# Upgrading to a new TV... need suggestions



## harikirirocker (Jul 15, 2007)

Alright, here's the breakdown. I'm hoping someone here can give me some good recommendations.

Currently : I have have an older, 7 series touch of color 50" (maybe actually 52") Samsung Plasma (circa 2008). 1080P. Puts off tons of heat and sucks electricity like you wouldn't believe. Decent picture but I never got that really crisp look out of it I wanted, always a bit grainy.

Looking for: Comparable size (50-55") 1080P display. (I prefer Samsung but am willing to budge) I'm thinking LED.

Primary uses: Play a LOT of console video games on this (ps3/360/wii), watch a lot of blu-rays, and watch a decent amount of cable TV/netflix/amazon stream.

Things that I'm looking for in the TV: Good refresh rate (120/240), looking for a crystal sharp picture, avoid burn in, obviously 1080P, power consumption and heat production, decent amount of HDMI inputs, cost.
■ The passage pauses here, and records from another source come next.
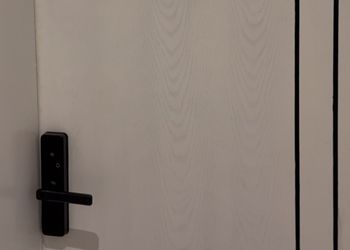 استديو بأثاث مريح وبسيط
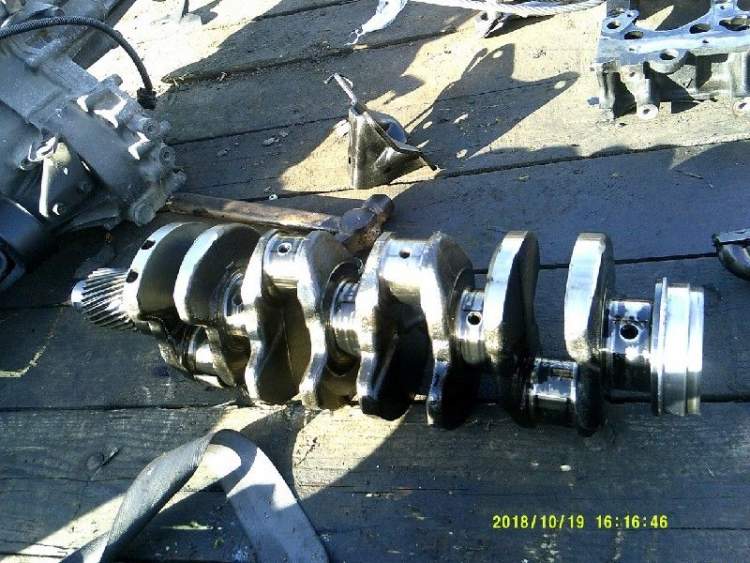 Коленвал на 4M40 Mitsubishi Pajero V26, V46  (Мицубиси Паджеро)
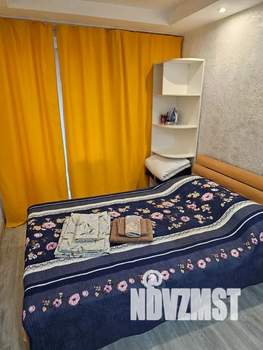 Студия квартира, посуточно, 15м2, 1/9 этаж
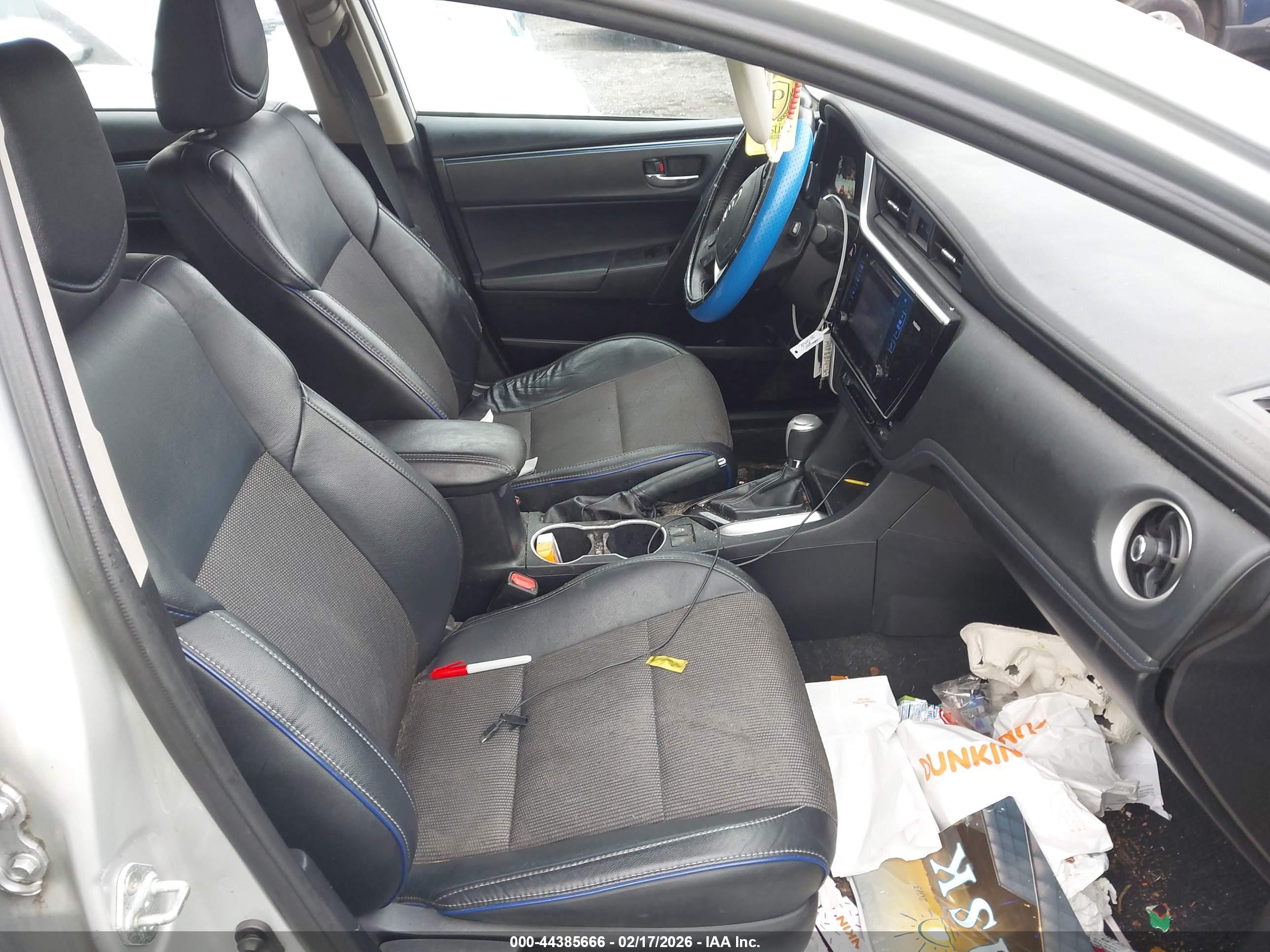 TOYOTA COROLLA image 5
Things that I don't care quite as much about: Internet connectivity (I have so many internet connected devices attached), 3D (wouldn't mind having it but not my primary concern), voice commands, webcam attachment...

Now my big questions:

I like Samsung, and I think they have a great cost to performance ratio, but are there better brands similarly priced to look for, particularly Sony?

Can I even get a decent TV now without paying extra for all the internet compatibility?

Plasma vs. LED: right now I have the USA HD logo burnt in on my TV for the last 2 years. Didn't even watch it that much. I would really prefer LED, but are there any viable reasons to stick to plasma, especially when I game so much?

I can never seem to get that crystal clear, sharp picture that everyone elses TV's seem to have (I understand calibration will be needed), but that is what I'm REALLY looking for.

Is 240Hz worth it over 120Hz (I play a lot of video games if that helps)?

The reason I'm looking right now is because this years models have come out and I'm not opposed to buying last years models, as long as they look good.

Thanks!


----------



## yustr (Sep 27, 2004)

I have the Samsung 50 Series 3D plasma and love it. When I was looking about 6 months ago I considered LCD but plasma looked better to my eyes and was 2/3 the price. It runs much cooler than plasma's of even a few years ago and the burn in problem has been solved by pixel shifting (though I still wouldn't leave the same image on it for hours on end). Mine is not internet connected as my B-R player has that so, like you, no reason to have redundant connected devices. Give it a look - highly recommended. Regardless, have the sales staff turn down sets your interested in from super bright.


----------